Many of the detours make the film more fascinating in retrospect, especially as White God nears its manic, wondrously staged climax-- where Hagen with the assist of over two-hundred strays and freed pound dogs (the film employed real dogs and according to the filmmakers all were of mixed breeds) wreck havoc on the streets of Budapest.  Using Alfred Hitchcock's The Birds as a clear template, Mundroczó stages the events with utmost tension, sharp editing and a breathtaking sense of "How'd they do that" awe.  Yet there's something canny, and perhaps, almost meta in the uprising of the canines-- there's a bit of a Harry Callahan "make my day" machismo is how Hagen is presented during his first big protest.  While there were guffaws at my screening from time to time, I'm under the impression the filmmakers were in on the joke even though the film is often quite stern and darkly serious for the most part.  Whatever the impression, the filmmaking is impressive especially considering that digital trickery was apparently at a minimum.

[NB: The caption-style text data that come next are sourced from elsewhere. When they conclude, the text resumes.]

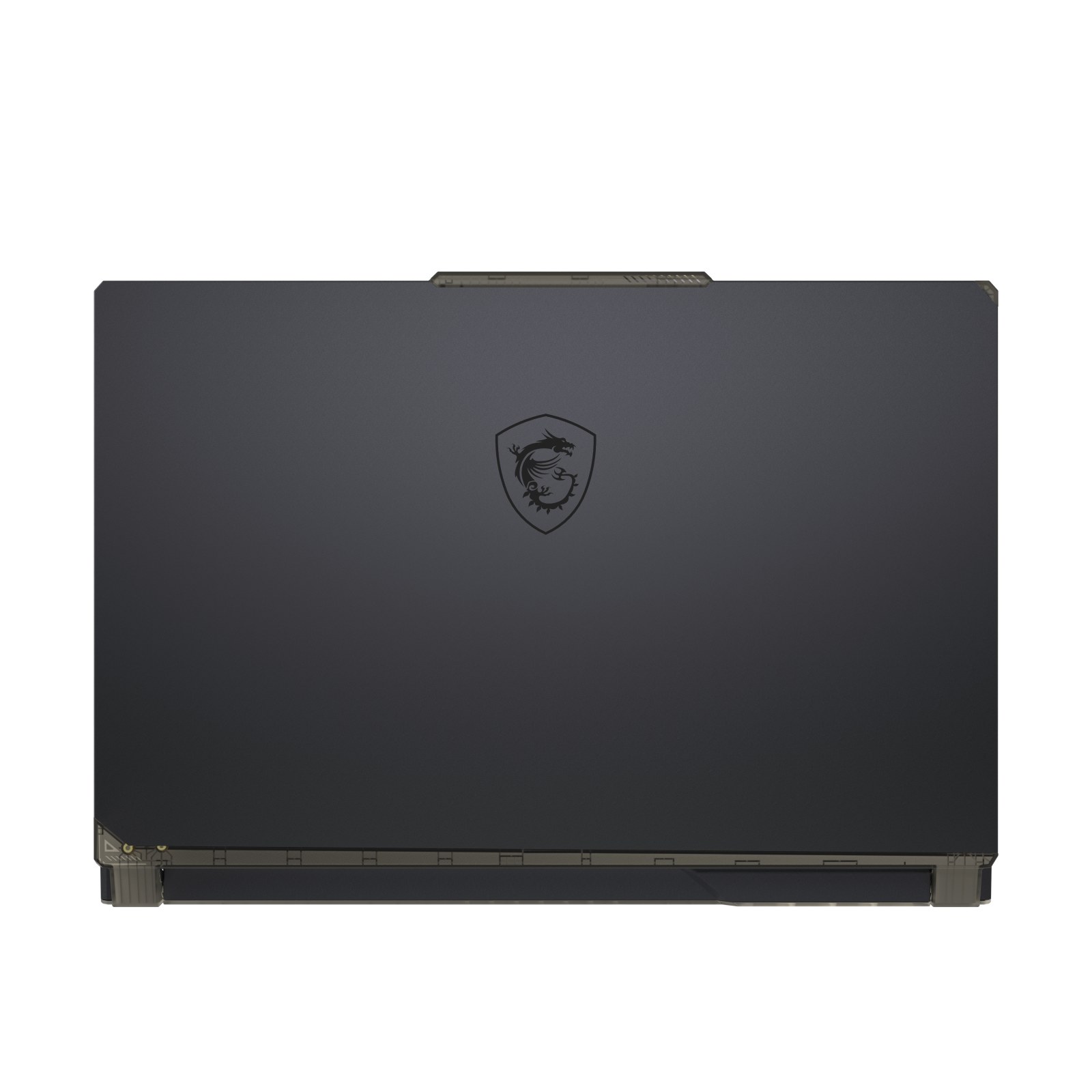 MSI NB CYBORG 15 A13VE-1478XTR I5-13420H 16GB DDR5 RTX4050 GDDR6 6GB 1TB SSD 15.6 FHD 144Hz DOS - 6
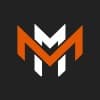 Marick Mechanical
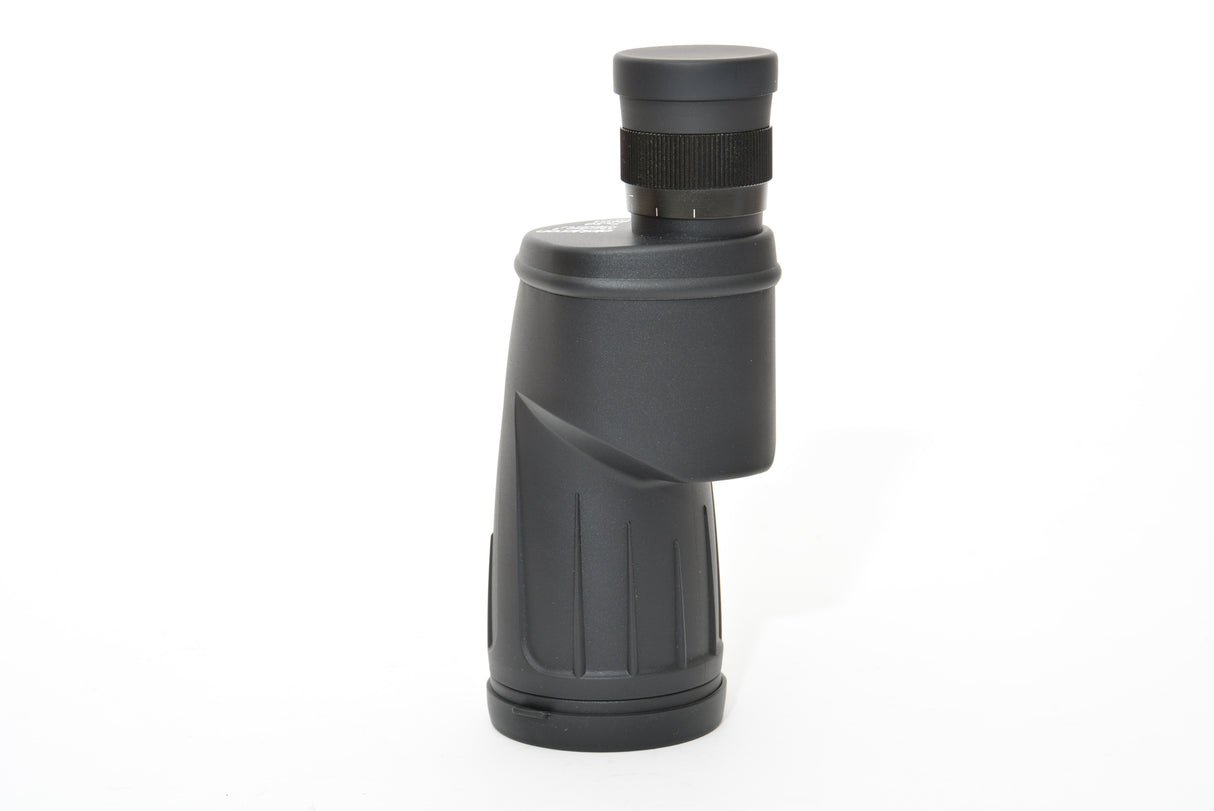 Used Opticron 7x50 Marine 3 Nitrogen WP Monocular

On that note, Hagen, with his medium build and expressive green eyes, makes a particularly sharp screen presence on his own.  Considering White God doesn't make any attempt to anthropomorphize the dogs (their lips don't digitally move, there's no voice over thoughts), Hagen has to carry the movie on his four legs.  It helps that the film carries its considerable pro-animal message proudly throughout even though it features many scenes of dogs in danger-- clever editing tricks, the proliferation of waging tails and a behind-the-scenes featurette suggest the canines were never in harms way.  All of which leads to an extraordinary grace note that serves as the final shot of the feature-- a wistful and beautifully composed image that tugs at the heart in pure, near Spielberg-ian fashion.  One that unites father and daughter, girl and friend, dog and army and gives its audience and its characters a joyful respite from the inevitable.